The point isn’t to just direct everyone to the same type of career, but rather to make sure they’ve got the right framework for making their decisions — that they’re asking themselves the right questions.

The advice, by the way, can be pretty counter-intuitive. For example, it pushes back against what Todd calls “the paradigm career advice of our time,” namely following your passion.

In contrast, 80,000 Hours tells readers, “Don’t follow your passion” — which is pretty surprising. Isn’t following your passion supposed to make you more motivated, and therefore more successful?

Todd countered that passion is “not anywhere close to a guarantee of being successful or having an impact.” He also noted that most people say their passion is in areas like sports and the arts, which offer very limited career opportunities.

Most importantly, he said that research suggests that following your passion “gets things backwards.” Instead, you should focus on “getting good at something that’s meaningful, and then passion develops from that later on.”

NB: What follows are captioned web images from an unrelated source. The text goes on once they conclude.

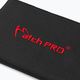 MatchPro šitá peňaženka Slim black 900360 3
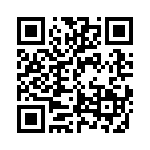 ACT26MG16AA QRCode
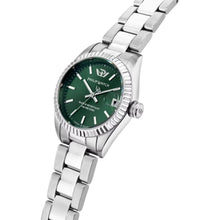 Carica l'immagine nel visualizzatore di Gallery, Philip Watch R8253597666 Caribe Urban Quarzo Donna
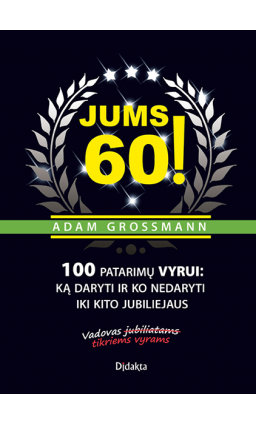 jums_60_metu_01_1644504371-ced9ba1d981595db29af902311fee861.jpg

MacAskill (who wrote a book about “effective altruism”) was also skeptical of another seemingly obvious track — going to work for a nonprofit, especially as your first job out of college. He didn’t dismiss all such organizations, but he said only a small number of them have a real impact. In addition, working for a nonprofit might limit your ability to do good later on, if the organization doesn’t have the resources to help you develop your professional skills.

So why is 80,000 Hours a nonprofit itself? MacAskill said it’s necessary to avoid conflicts of interest and feeling pressured to “give the sorts of recommendations that make us money.”

“We’d be open to the idea of moving to a for-profit model if we think we could overcome that difficulty,” he added. Either way, the key is being “laser-focused on having the biggest social impact,” both for individual readers, and for 80,000 Hours itself.